Susan Kleinberg Mounts Installation at Telecom Italia Future Center for the Venice Biennale
VENICE.- Susan Kleinberg presents her latest projection, “Tierra Sin Males,” during the opening week of the 2009 Venice Biennale at the Telecom Italia Future Centre in the exquisite 16th Century Cloister of San Salvador, designed by Sansovino.
"Tierra Sin Males," is a digitally generated video piece that spins, fractures, spirals, spins back faster, hits, rolls, hesitates, pivots out of balance at the fulcrum, regroups, continues... both with and against any predictable laws of physics or nature. The image distorts, contorts, looks primeval and of the future. The context of the room and its shadows roll and spin, against gravity. Its reverberating sound track in some ways leads it.
The central image is the reflection of a highway sign near the Mexico/US border warning drivers not to hit families as they flee across the road. The title is taken from comments by Adolfo Perez Esquivel, Argentina's Nobel Laureate, concerning utopia and revolving tension.
In the Cloister of San Salvador, the piece will be projected across the piazza (about 35 ft. wide), over the well, onto the Refrectory wall, with its grill-covered windows, augmenting the tension of being confined/released, what one runs from/to.
Ms. Kleinberg's work has been seen in Venice in the 2001 Biennale; and in 2005, projected in Campo S. Stefano in collaboration with the Istituto Veneto. Her piece “Sposalizo del Mar,” floated between San Marco and San Giorgio in “Arte Laguna,” part of the Venice Biennale 1995.

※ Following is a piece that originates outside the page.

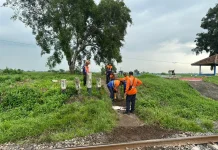KAI Tutup Perlintasan Ilegal untuk Cegah Kecelakaan
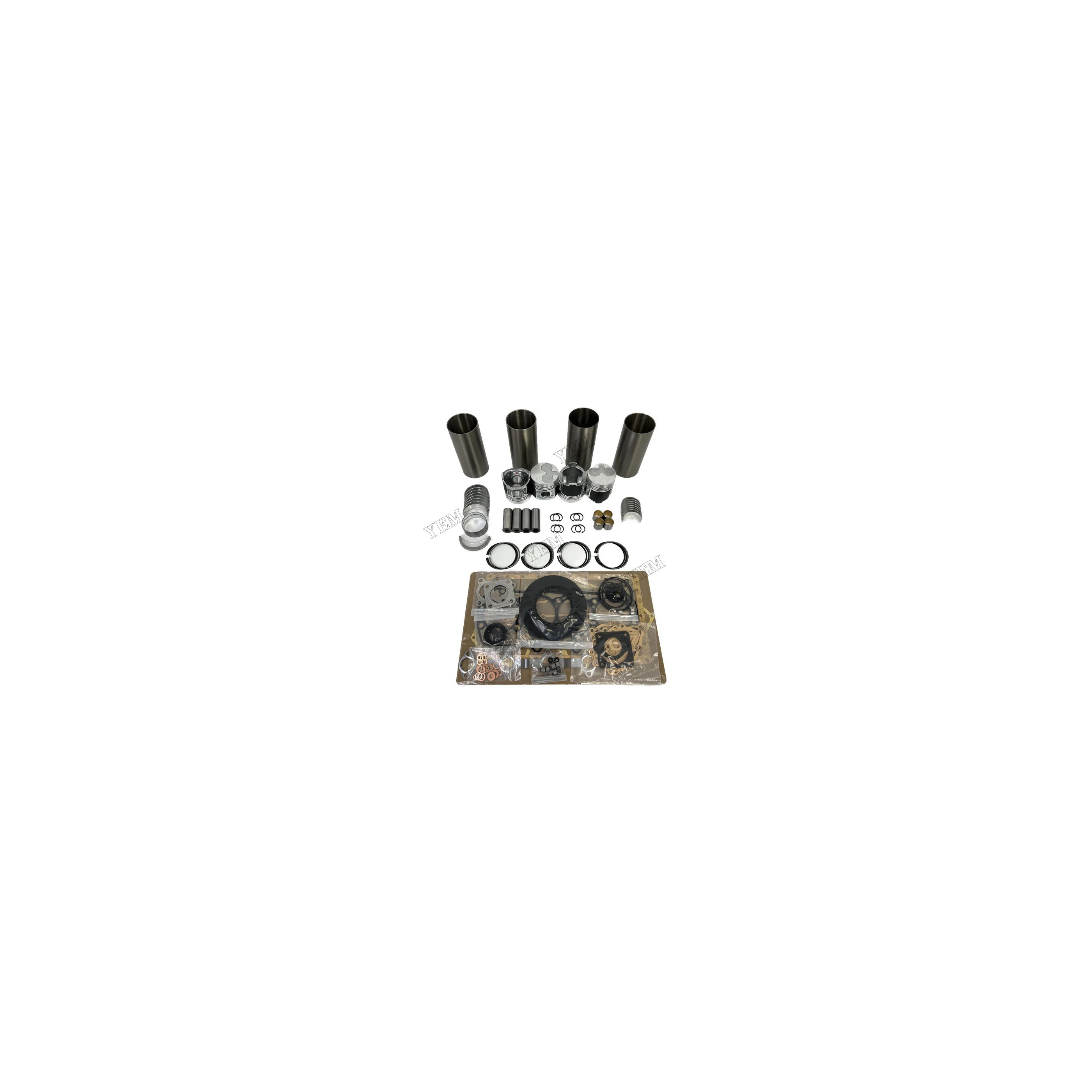 3024 Overhaul Kit With Bearing Set Fits for Caterpillar Industrial Machinery Spare Parts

Over the past five years, Ms. Kleinberg developed four high-definition digital projection pieces, BLOOD ROLL, D-ROLL, P-SPIN and A DELICATE BALANCE, with related prints, drawings and paintings. BLOOD ROLL was shown first in November 2004 in Seoul, Korea, in an international show at the Total Museum. In 2005, she showed BLOOD ROLL during the opening of the Venice Biennale in collaboration with the Istituto Veneto. Ms. Kleinberg installed P-SPIN at the Pulkovo Observatory in St. Petersburg, Russia in the fall of 2007, for Pro Arte in an exhibition organized by Olessya Turkina, curator from the Russian State Museum. In 2003, Ms. Kleinberg mounted What Would Make for a Better World, a video installation for “Future Democracy” at the Istanbul Biennial. In 2001, she created Fear Not for the Venice Biennale, curated by Harald Szeemann. It was shown in New York at P.S. 1/MOMA (2001-2002) and was chosen as a Special Project for the Chicago International Art Fair (2002). Ms. Kleinberg showed related paintings and drawings at Venice Design Gallery, Venice, Italy (2001) and a preview installation at the Stark Gallery in New York (2001). In 2002 the piece was shown along with related prints at the Tasende Gallery in Los Angeles and the Tasende Gallery in La Jolla, CA. Sposalizio del Mar, whose reference was to the most important ceremony of the Venetian Republic, the marriage of the Doge to the sea, floated in the Grand Canal between San Marco and San Giorgio, part of "Artelaguna," during the 1995 Venice Biennale. The beginnings of all of this work were shown at the Castelli Gallery in New York.